Wait, Why Do I Need a Designer?
And what the hell do they do?
Designer — the title brings to mind a flurry of images and feelings: the minimalist chic of an ergonomically re-designed iPhone, the soft leather patternings of a Gucci handbag, the brilliant views of a New York skyrise. Each of these, and so many more, are what are interpreted by the zeitgeist and popular culture as the products of a designer, yet none of them are actually the embodiment of design that we think they are. Design is more culturally important than ever, but it has nothing to do with handbags, nothing to do with highrises, and it certainly has nothing to do with iPhones.
The Emergence of Accessible Design in the Modern Era and Why It Confused Everyone
Okay, so it has a little bit to do with iPhones.

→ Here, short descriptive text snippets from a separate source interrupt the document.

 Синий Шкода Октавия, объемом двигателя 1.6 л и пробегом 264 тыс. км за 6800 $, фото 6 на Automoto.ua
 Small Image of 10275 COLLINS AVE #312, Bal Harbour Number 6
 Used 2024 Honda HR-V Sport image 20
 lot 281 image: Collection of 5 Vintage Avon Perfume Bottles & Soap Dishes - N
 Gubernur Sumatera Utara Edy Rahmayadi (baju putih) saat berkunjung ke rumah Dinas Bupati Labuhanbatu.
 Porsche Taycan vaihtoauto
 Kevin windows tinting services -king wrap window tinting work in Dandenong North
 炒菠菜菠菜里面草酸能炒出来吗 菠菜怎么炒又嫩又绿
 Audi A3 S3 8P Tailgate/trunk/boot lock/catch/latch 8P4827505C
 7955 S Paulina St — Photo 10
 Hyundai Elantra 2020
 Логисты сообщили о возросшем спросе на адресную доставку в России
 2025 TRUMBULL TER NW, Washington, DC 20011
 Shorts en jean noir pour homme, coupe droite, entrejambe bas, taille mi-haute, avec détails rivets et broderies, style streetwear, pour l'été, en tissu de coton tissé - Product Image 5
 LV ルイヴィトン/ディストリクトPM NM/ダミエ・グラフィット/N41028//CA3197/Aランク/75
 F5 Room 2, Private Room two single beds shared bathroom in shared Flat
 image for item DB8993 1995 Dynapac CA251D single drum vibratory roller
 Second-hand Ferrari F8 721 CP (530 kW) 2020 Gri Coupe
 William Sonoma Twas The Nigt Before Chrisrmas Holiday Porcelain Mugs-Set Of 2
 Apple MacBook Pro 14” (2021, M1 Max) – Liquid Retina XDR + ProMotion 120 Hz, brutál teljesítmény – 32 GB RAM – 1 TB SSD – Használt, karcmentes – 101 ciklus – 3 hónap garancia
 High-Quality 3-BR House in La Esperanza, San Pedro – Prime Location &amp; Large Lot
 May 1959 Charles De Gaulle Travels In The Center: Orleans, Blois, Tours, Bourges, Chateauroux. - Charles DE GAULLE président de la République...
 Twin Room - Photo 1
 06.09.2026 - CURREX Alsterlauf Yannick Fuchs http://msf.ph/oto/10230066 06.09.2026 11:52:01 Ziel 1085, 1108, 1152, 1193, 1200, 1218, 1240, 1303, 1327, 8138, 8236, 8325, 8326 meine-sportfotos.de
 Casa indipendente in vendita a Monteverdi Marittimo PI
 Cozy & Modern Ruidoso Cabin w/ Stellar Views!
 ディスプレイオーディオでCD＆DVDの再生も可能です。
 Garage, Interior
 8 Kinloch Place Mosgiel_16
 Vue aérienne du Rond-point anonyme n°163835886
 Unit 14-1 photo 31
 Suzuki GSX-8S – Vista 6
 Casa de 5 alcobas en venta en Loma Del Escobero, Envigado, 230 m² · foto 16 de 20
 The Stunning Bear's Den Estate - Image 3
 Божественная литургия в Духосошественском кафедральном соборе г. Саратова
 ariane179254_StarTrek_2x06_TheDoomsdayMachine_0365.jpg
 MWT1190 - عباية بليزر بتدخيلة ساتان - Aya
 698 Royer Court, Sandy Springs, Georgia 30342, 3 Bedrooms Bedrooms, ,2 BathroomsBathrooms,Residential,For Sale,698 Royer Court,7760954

The return of Apple in the early 2000’s, heralded by the revolutionary iPod, changed the world forever. This may sound pedantic, but it’s also true- just not for the reasons Steve Jobs would have you believe. At its core, the return of Apple meant the return of a certain level of aesthetic showmanship that was made accessible to the masses. In essence, they touted the fact that their products were more than engineered, they were designed, and it made design something of value, something to be desired. And with that, they made people want design for themselves. Yet unlike “design” from a New York million-dollar clothing line, this was design that people felt they had access to. The problem was that Apple hadn’t actually said what design was, or how it helped. All that people saw was that “design” was something Apple had, and that they were blissfully, insanely successful and made hand-over-fist levels of revenue. And that it was awesome.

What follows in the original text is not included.